DATASET EXTRACT>

■ ■ ■ ■

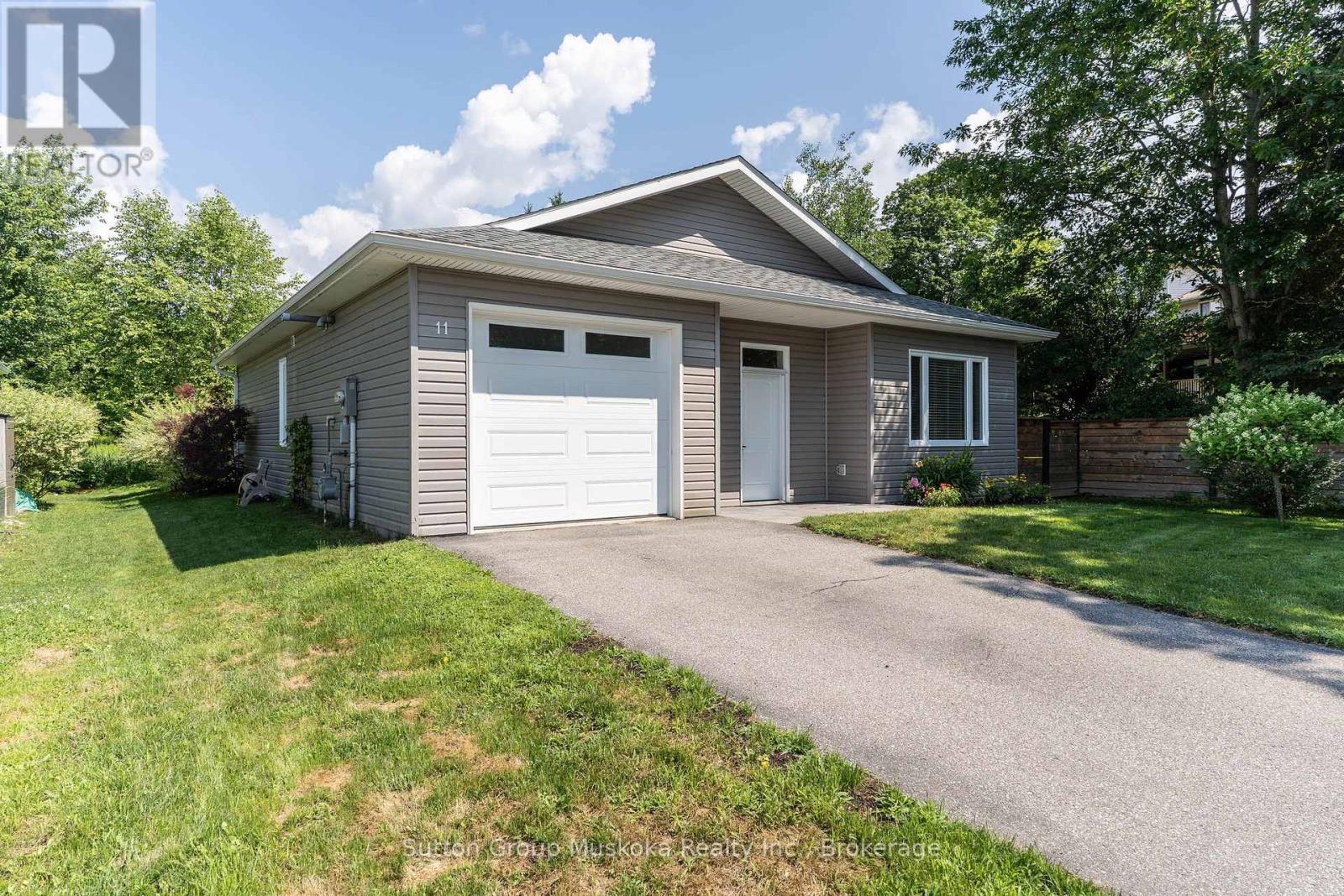 6 - 11 Autumn Lane, Huntsville, Ontario  P1H 0C7 - Photo 2 - X13563608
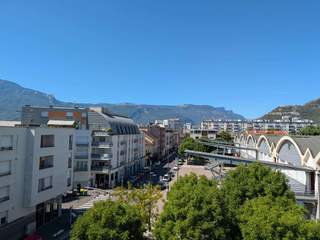 Rental / 3 rooms apartment · 62 m², Saint-Martin-d'Hères, Rue de la Halle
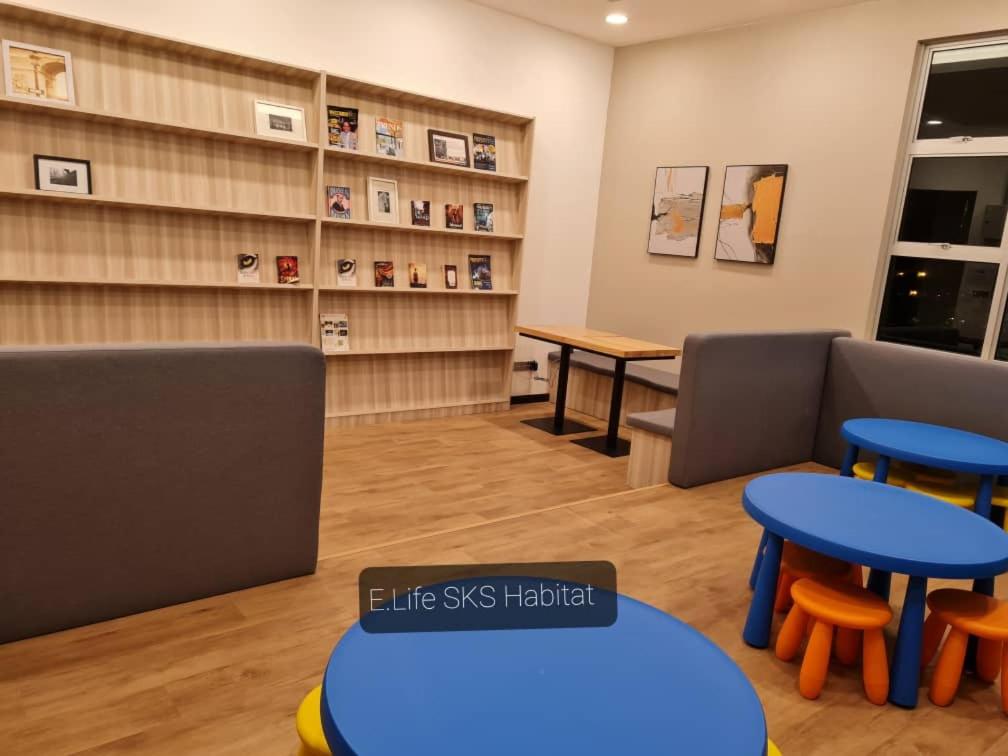 E Life SKS Habitat With WiFi Netflix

■ ■ ■ ■

Omitting the pictures, write out the material above exactly as it stands.

 6 - 11 Autumn Lane, Huntsville, Ontario  P1H 0C7 - Photo 2 - X13563608
 Rental / 3 rooms apartment · 62 m², Saint-Martin-d'Hères, Rue de la Halle
 E Life SKS Habitat With WiFi Netflix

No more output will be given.